● Data provided:

++++++

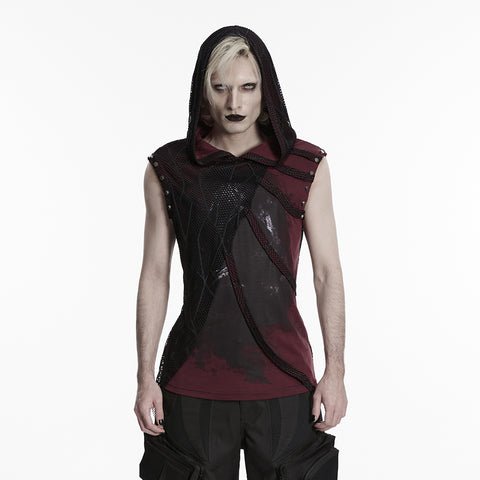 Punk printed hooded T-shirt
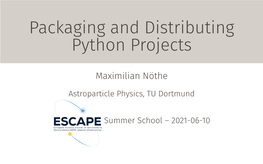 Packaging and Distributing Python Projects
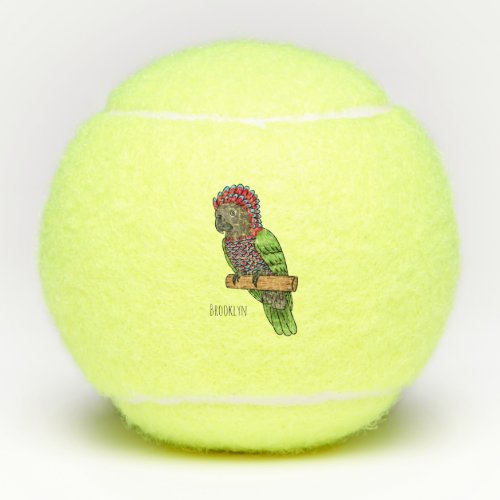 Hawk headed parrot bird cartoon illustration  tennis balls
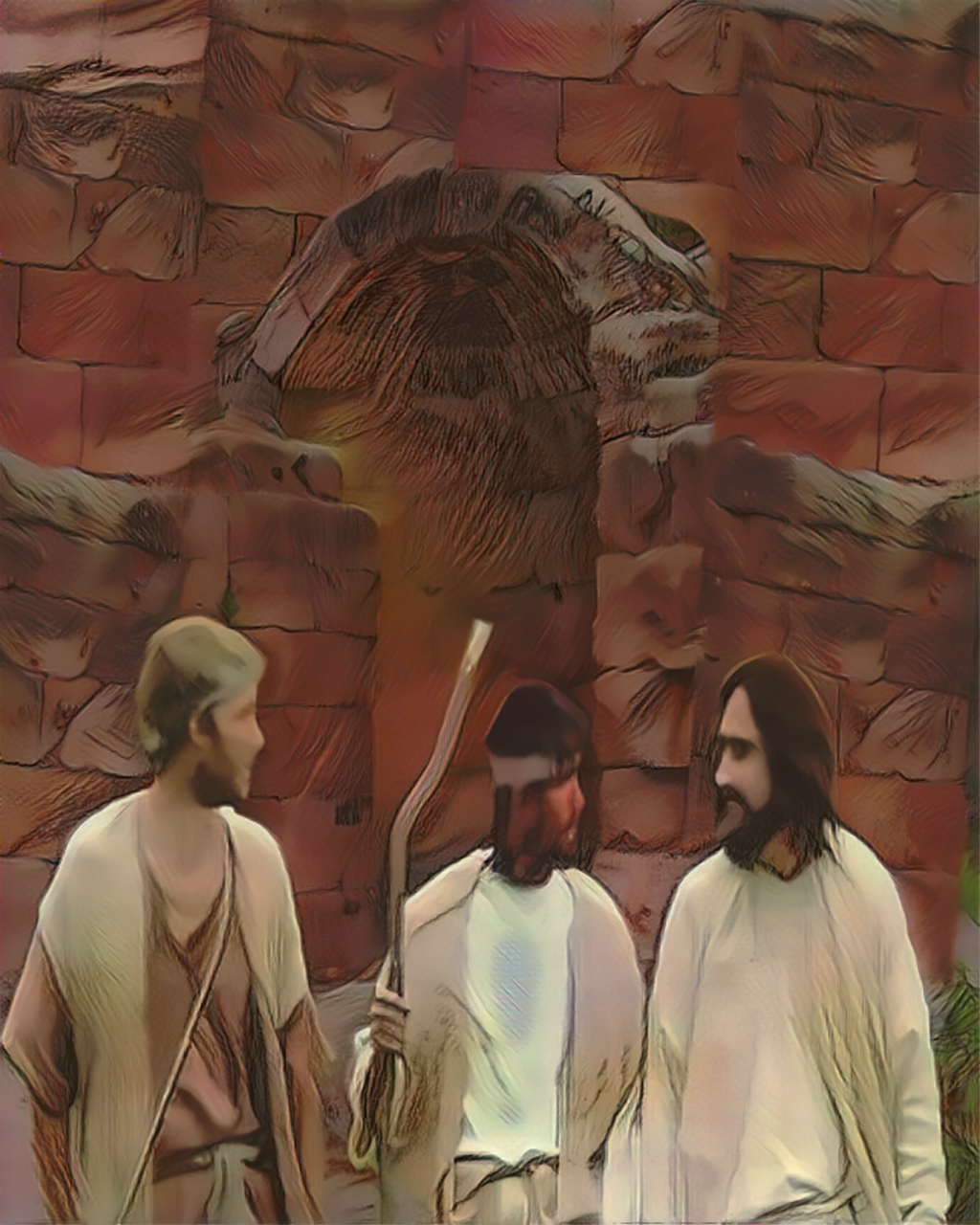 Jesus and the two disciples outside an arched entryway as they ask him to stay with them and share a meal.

++++++

● Assignment: The data must be repeated exactly. Any pictures in it are to be left out.

● Output for this exercise:
 Punk printed hooded T-shirt
 Packaging and Distributing Python Projects
 Hawk headed parrot bird cartoon illustration  tennis balls
 Jesus and the two disciples outside an arched entryway as they ask him to stay with them and share a meal.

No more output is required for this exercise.